Friday, June 15, 2012

MST3K: Episode 612 - The Starfighters

I'm watching all of the Mystery Science Theater 3000 episodes in order. More about that here and here.

Episode 612: The Starfighters

First aired: Comedy Central on 29 October 1994
Availability: iTunes, Amazon Instant Video, Amazon (Volume 12), Rhino (Volume 12), Best Brains (Volume 12)

Into the Wild Blue Yonder!
The United States Air Force.

The thought of the power and destruction the Air Force can rain down upon the enemy is amazing. The powerful planes that streak across the skies. The crews that plan and execution their mission. The entire operation and results from the Air Force give an American a great sense of pride. Yes, the United States Air Force rules the skies wherever they go.

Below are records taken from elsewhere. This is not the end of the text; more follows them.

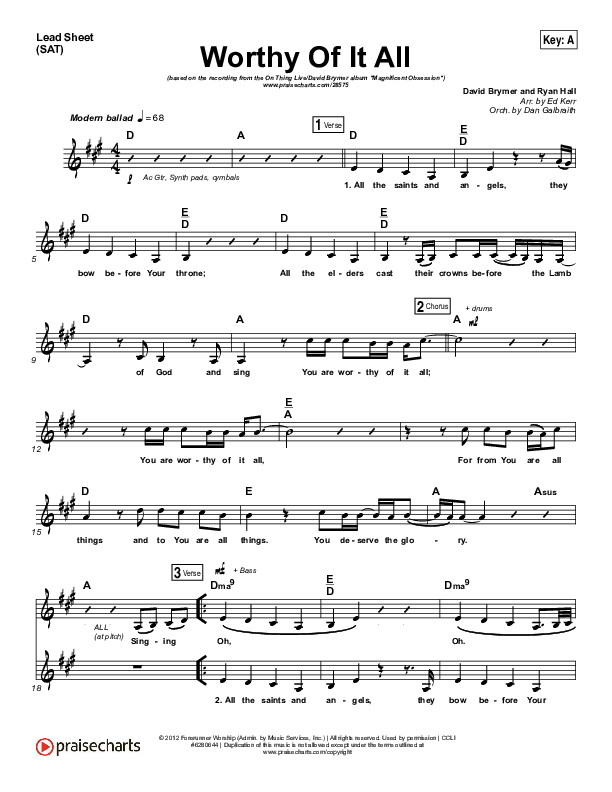 Worthy Of It All Lead Sheet (SAT) (Onething Live / David Brymer)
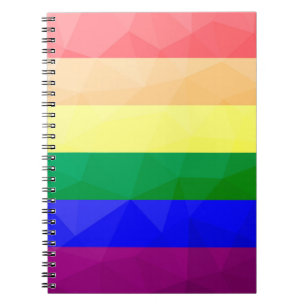 LGBT flag rainbow lines geometric mesh pattern Notebook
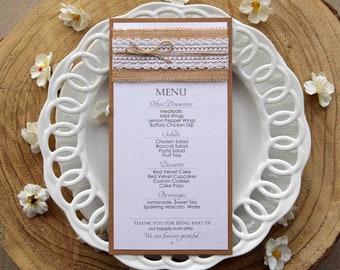 Menu voor bruiloften, feesten en evenementen.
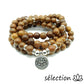 mala bois 8mm avec médaillon lotus selection-zen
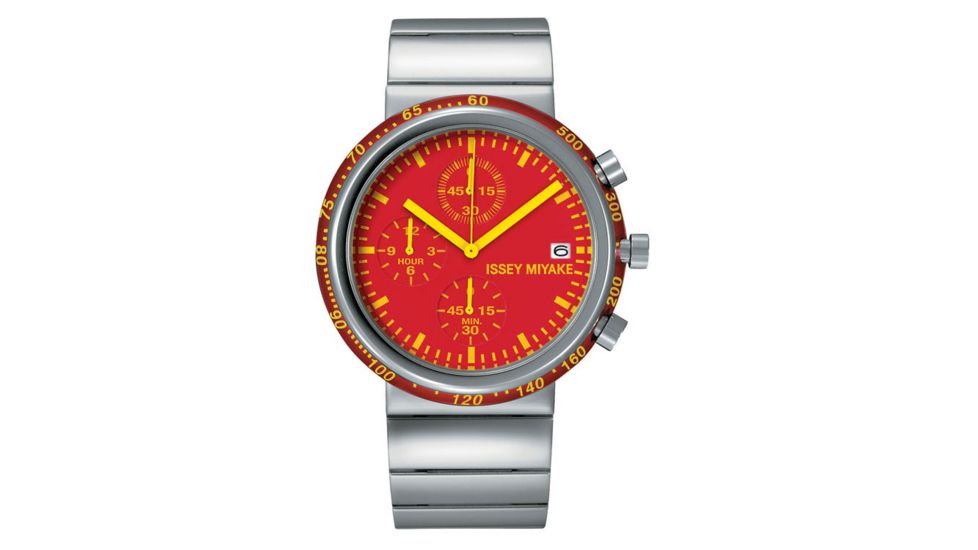Issey Miyake SILAq003 Trapezoid Mens Watch - Silver Metal Band, Red Case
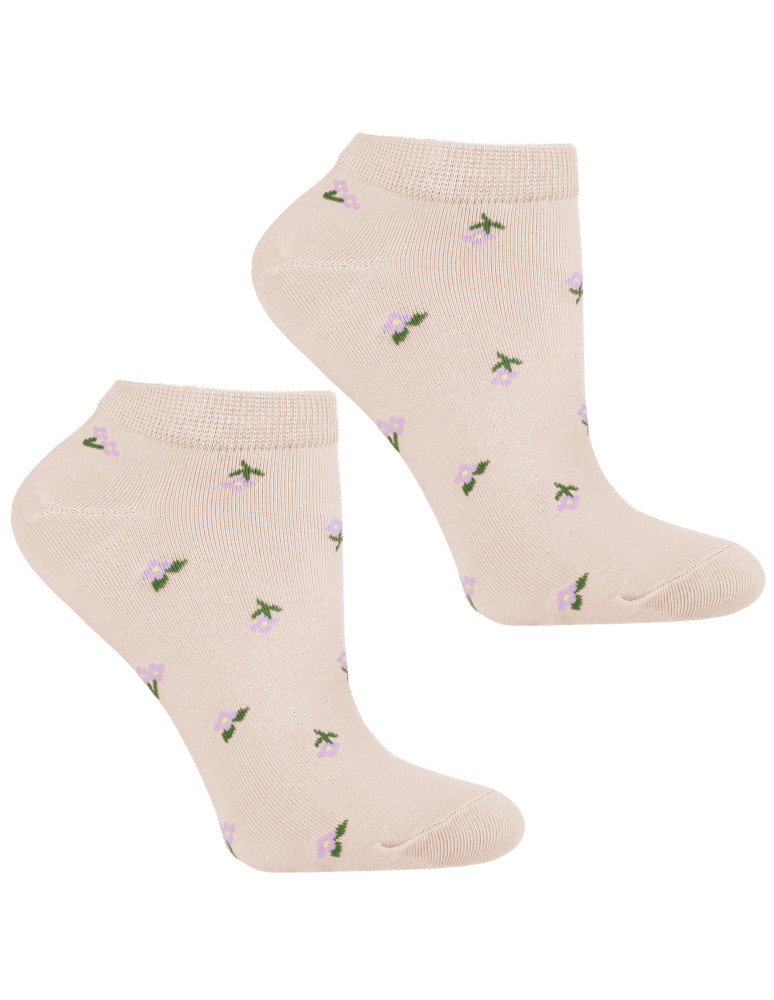 Stopki klasyczne - Skarpetki damskie stopki w drobne kwiatki 3-pak WIELOKOLOROWY  - produkt moraj.pl 3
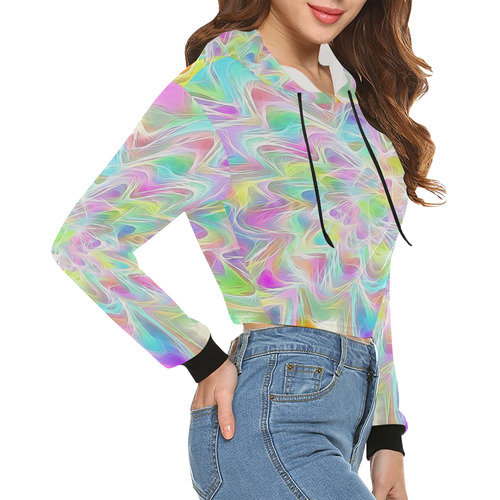 summer breeze A by FeelGood All Over Print Crop Hoodie for Women (Model H22)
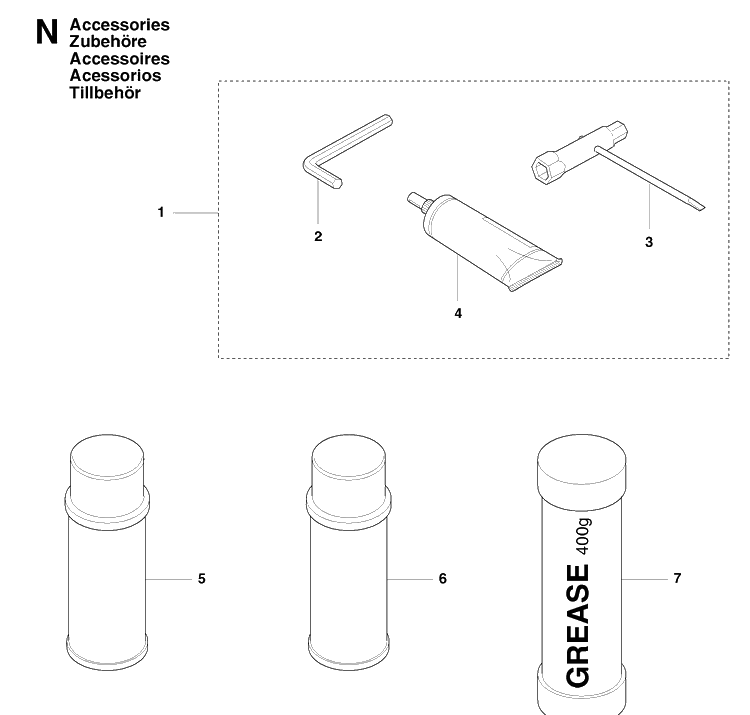 Accessories Diagram and Parts List for 323HD60 20090400001-Current Husqvarna Hedge Trimmer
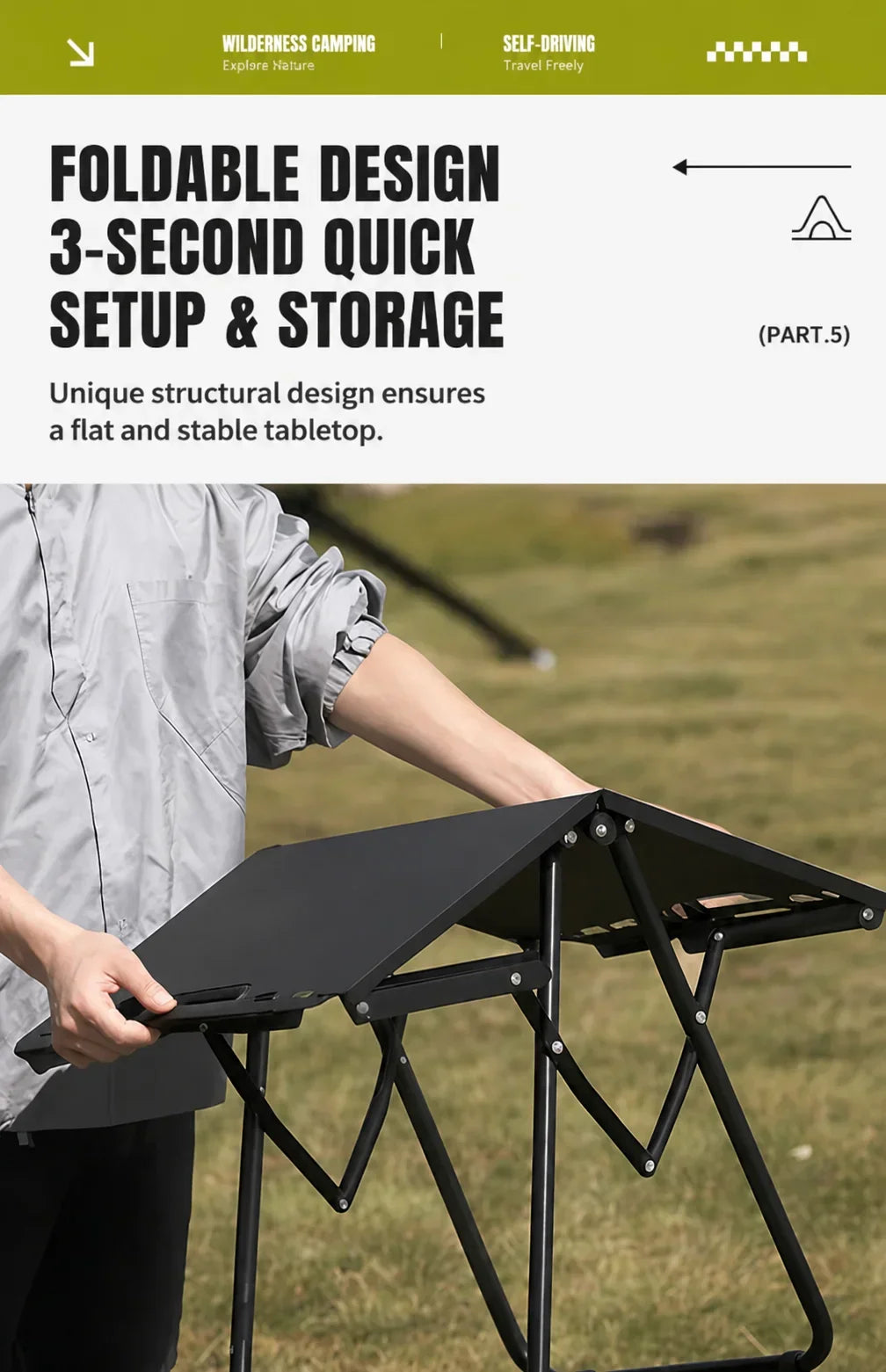 Green Portable Foldable Camping Table, Hollow Edge Hangable Design, Lightweight Durable Table for Picnic Beach Outdoor Travel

Even the Air Force Song conveys the strength and power of that branch of the Armed Services.
Off we go into the wild blue yonder, climbing high into the sun. Here they come, zooming to meet our thunder. At 'em boys! Give 'er the gun! Down we dive, spouting our flame from under. Off with one helluva roar! We live in fame or go down in flame. Nothing can stop the U.S. Air Force!
But, the Air Force used to have another song. Remember that one?
They took the blue from the skies and a pretty girl's eyes and a touch of Old Glory's hue, and gave it to the men who proudly wear the U.S. Air Force blue.
Not quite as impressive, is it? Harmless little ditty, but not quite on par with The Marine Hymn, Anchors Aweigh, or The Army Song. Not like The Air Force Song (Wild Blue Yonder).

Refueling.
This movie is like that.

Yes, there are some scenes of Lockheed F-104 aircraft in flight and practicing missions "spouting ... flame from under." And refueling. And refueling again.

Yes, the F-104 served the Air Force for over a decade, and was used by NASA into the 1990s. But, we get treated to refueling.

And more refueling.

And then they refuel some more. And ... well, they make flying boring.

How?
Crow and Servo debrief Mike. Literally.The United Servo Academy Men's Chorus
A couple of pilots arrive at an Air Base named George to learn to fly F-104s, especially how to refuel them, only one of them, played by a future Congressman, is the son of a Congressman and Pops keeps calling and bothering everybody because he wants Junior to fly bombers, but Junior meets a girl from Iowa and gets assigned to Europe, tells Pops to back off, and everybody lives happily ever after, except for the people the Air Force blows the hell out of. The end.

Servo and Mike dance.
Bob Dornan, who was elected to Congress in 1977, played the Congressman's son.

The movie's actually kinda boring. Oh, sure, there are some scenes where the Starfighters tear the hell out of some practice targets on the ground, but they are of a documentary type of film, not an entertainment film. So, the lack of entertainment is understandable. But, yes, they do show very realistic scenes, because they're real. And, yes, planes do need to refuel. We just don't need to see it. Not that much of it.

There are a couple of Host Segments that are enjoyable. Of course, the United Servo Academy Men's Chorus is a treat. And Crow and Servo debriefing Mike by ... removing his briefs. And, then there's Servo trying to log on to the "Information Superhighway" in the opening. I remember those days.

A good episode with a boring movie, lots of fun riffing, and fun segments.